Article Text

  1. C Gupta1,
  2. I Okike2,
  3. G Marais3
  1. 1NICU, Royal Jubilee Maternity Hospital, Belfast, N. Ireland, UK
  2. 2NICU, St. Heliers Hospital, UK
  3. 3NICU, Mayday University Hospital, Croydon, UK


Background Chylothorax is the most common cause of pleural effusion causing respiratory distress in the neonate 3. Conservative management includes drainage through a chest drain and dietary fat restriction. Cases have been reported where surgery was avoided with use of octreotide1, 2. The duration of treatment ranged from 3 to 29 days, with a mean of 11 days 5. In our case, it was successfully used for 76 days. To date this is the longest duration reported. No adverse effects were noted in the short term.

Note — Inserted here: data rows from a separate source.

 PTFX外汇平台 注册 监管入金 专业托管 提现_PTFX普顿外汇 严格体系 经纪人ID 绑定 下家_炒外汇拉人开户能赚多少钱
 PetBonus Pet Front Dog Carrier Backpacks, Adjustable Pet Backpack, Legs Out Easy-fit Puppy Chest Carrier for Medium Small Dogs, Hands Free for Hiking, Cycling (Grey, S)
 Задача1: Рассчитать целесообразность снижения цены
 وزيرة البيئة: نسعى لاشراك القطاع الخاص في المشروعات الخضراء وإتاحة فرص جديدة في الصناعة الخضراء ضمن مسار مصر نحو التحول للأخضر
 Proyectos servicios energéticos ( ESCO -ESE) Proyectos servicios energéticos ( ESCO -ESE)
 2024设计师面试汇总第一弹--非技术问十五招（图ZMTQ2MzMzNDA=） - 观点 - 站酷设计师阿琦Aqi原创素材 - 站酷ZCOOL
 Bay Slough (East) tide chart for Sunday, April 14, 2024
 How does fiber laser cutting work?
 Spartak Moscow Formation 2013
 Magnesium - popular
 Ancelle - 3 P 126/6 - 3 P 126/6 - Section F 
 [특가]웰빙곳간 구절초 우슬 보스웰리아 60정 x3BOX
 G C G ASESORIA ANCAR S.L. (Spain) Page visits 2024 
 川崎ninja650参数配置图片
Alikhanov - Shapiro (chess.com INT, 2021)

Short report JE was found to have increased nuchal translucency at 14 weeks and a small pericardial effusion at 20 weeks on ultrasound antenatally. At 30 weeks there was a right sided pleural effusion requiring a pleuro-amniotic shunt. He was born at 31 weeks gestation with a birth weight of 2020 grams. He required ventilation for 6 days and then nCPAP for 90 days. He had bilateral pleural effusions at birth and chest drains were inserted that drained serous fluid. Monogen was started on day 8. The drains were removed when fluid drainage ceased. However, fluid reaccumulated, requiring several pleural taps before a subcutaneous Octreotide infusion was started at 20 mcg/kg/day on day 45 of life. Because of the recurring pleural effusions, Octreotide was further increased to 60 mcg/kg/day. It was slowly weaned and finally stopped on day 121 of life. CT scan of the chest done at day 120 of life suggested the possibility of pulmonary lymphangiectasia which had clinically and radiologically resolved.